• [TO DO]: Look for the line containing "This Antique OOAK" and the line containing "Nike DriFit Tank" in the entries below. Copy those two and all lines between them exactly, leaving out pictures.

• [DATA EXCERPTS]:
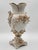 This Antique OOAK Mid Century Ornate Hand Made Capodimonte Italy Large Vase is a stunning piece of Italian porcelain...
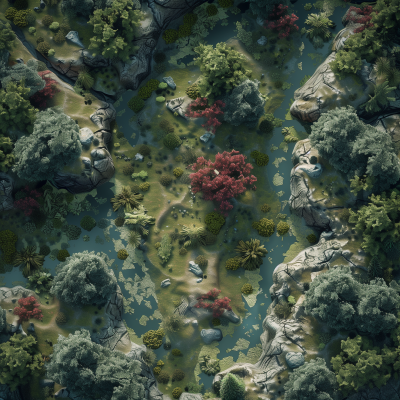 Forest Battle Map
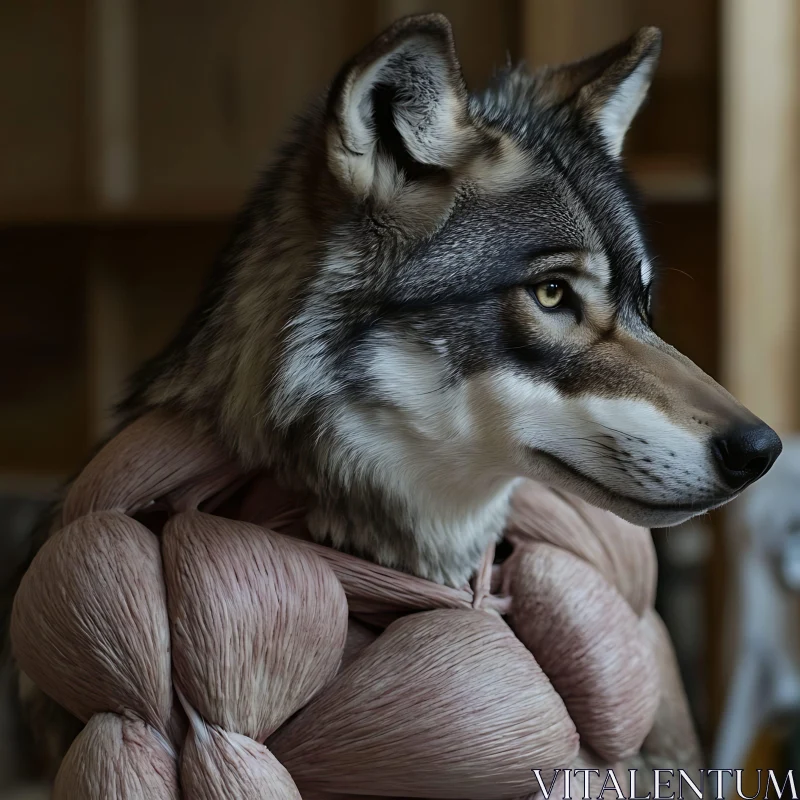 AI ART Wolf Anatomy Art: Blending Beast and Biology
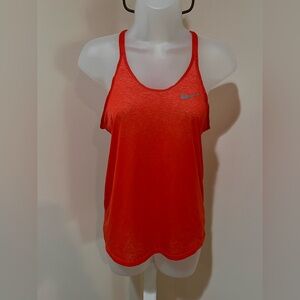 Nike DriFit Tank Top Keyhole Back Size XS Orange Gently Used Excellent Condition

* * *

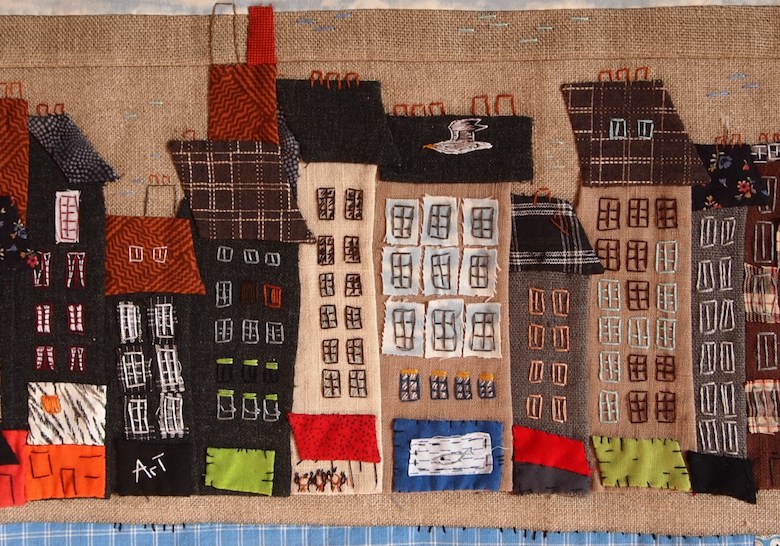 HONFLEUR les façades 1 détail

• [COMPLETED TASK]:
 This Antique OOAK Mid Century Ornate Hand Made Capodimonte Italy Large Vase is a stunning piece of Italian porcelain...
 Forest Battle Map
 AI ART Wolf Anatomy Art: Blending Beast and Biology
 Nike DriFit Tank Top Keyhole Back Size XS Orange Gently Used Excellent Condition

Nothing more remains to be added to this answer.